この林道泉川線の横を流れるのは泉川で、上流方面に行くと姥樫(うばっかし)と呼ばれる幹が大きくねじれたアカガシや、重なり岩という転げ落ちそうな巨石がありますが、今回は下流側へ下ります。
林道泉川線
林道泉川線は直線基調なので、勾配は大したことがないように思われますが、これが実はかなりのもので13%を越えるところもあり、上りに使うとかなりきついです。
しかし今回は下りなのでらくちんです。
大木戸
腰巻から1.5kmほど下ると大木戸でこの林道は一般道に合流しておしまいになります。
そこには、癒しの隠れ湯鎌倉山荘が建っています。この山荘はちょっと変わっていて、入浴も宿泊も無料で、心付けだけでいいようです。なんでもオーナーが趣味でやっているのだとか。
西河原からの上り
泉川はこのあたりで氷川と名を変え、さらに下って行き、宿のあたりで都幾川に流れ込みます。

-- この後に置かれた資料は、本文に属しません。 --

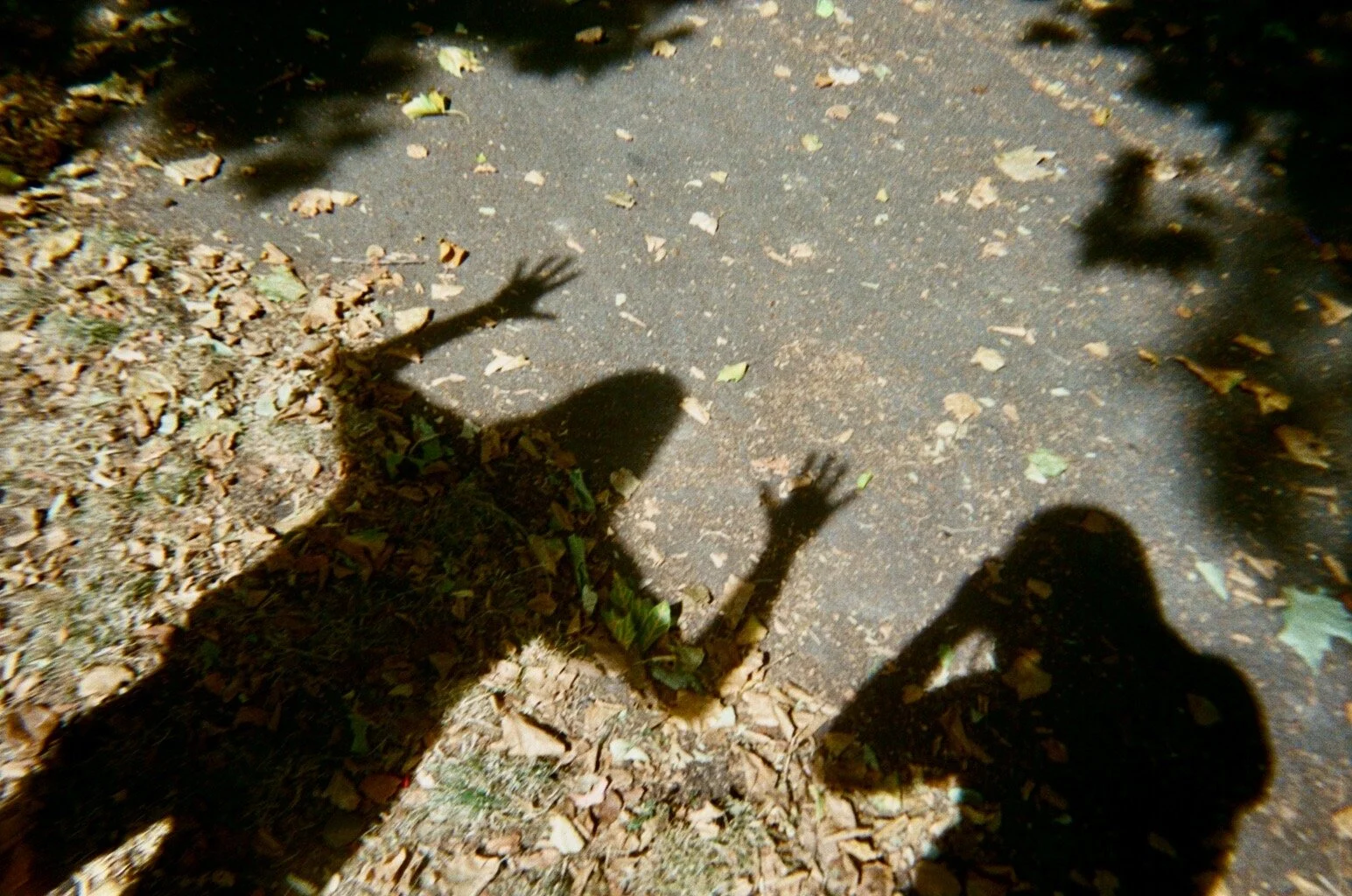 Shadows of three children on a leaf-covered ground and asphalt, with one child's hands pressed against the ground, appearing to reach out.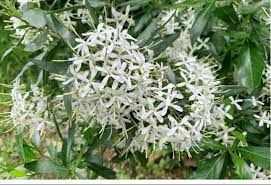 Image result for Pavetta uniflora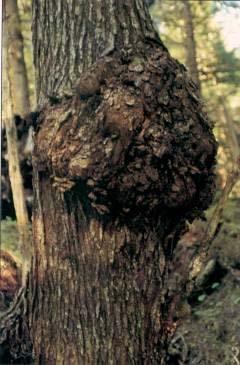 Dwarf Mistletoe Symptoms (5) Damage from dwarf mistletoe on trunk The damage resembles a burl but the wood quality is very poor The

その氷川に沿ってちょっと下り、西河原から一山越えて、東に位置する大附に抜けます。
谷を挟んで向尾根
西河原からちょっとえっこらよっこらすると右手の視界が開け、谷の向こう側に先ほど通った向尾根あたりの集落が見えます。
ゴルフ場のクラブハウス
カーブを回ってちょっとした森を抜けると、先に奇妙な塔のようなものが見え出します。ゴルフ場のクラブハウスです。
道はここでピークを迎え、ゴルフ場の間のフェンスに覆われた中を穏やかに下り始めます。
ゴルフ場の谷
フェンスを抜けると弓立山が目の前に迫り、その中腹を巻いて進んで行きます。
右手に開いた谷底はまだゴルフ場で、道端には白、ピンク色、赤と三色の桃がきれいに咲いています。
大附
ゴルフ場が終わると東の視界が開け、広い関東平野が見え出します。ここは関東平野の末端で、今まさに山が立ち上がろうとしているところなのです。
南斜面の陽当たりが良くて暖かそうなところにある大附の集落に入ります。ここはみかんの産地で、とても気持ちのいいところです。
雷電山
都幾川まで下ってきました。ここまで来ると今日の行程も終盤に入ります。
先に見えるのは雷電山。これからあの山をぐるっと廻ります。これが本日最後の上りです。
別所橋から見る都幾川と弓立山
別所橋で都幾川を渡ります。都幾川の上流方面の先に見えているのは弓立山で、先ほどあの山の南側を廻ってここまで下りてきたのです。
別所橋の少し西は三波渓谷と称さるところで、その入口には日帰り温泉施設の都幾川四季彩館が建っています。
雲河原線
都幾川四季彩館の先の養鶏場の入口から、森の中を行く森林管理道雲河原線に入ります。
まずは緩いカーブが連続し、そのあとは大きくうねったうねうね道に。
南東の景色
そして1.5kmほど上ると南東の視界が開けます。
ここの標高は250mほどなので、山というより丘の眺めです。
雲河原
後野から上って来る道に出ると雲河原線はおしまいになり、一般道を上って行きます。
雲河原の集落に着くと、そこには南西の視界が開いており、西の端にぴょこんと飛び出した笠山が見えます。
林道雀川上雲線ピーク
雲河原の集落の少し先で道は下り出しますが、これを行くと松郷峠に出てしまいます。この下り出すポイントに林道雀川上雲線の分岐があるのですが、うっかり入りそびれて、あやうく松郷峠に下ってしまいそうになりました。ここは戻ってやり直し。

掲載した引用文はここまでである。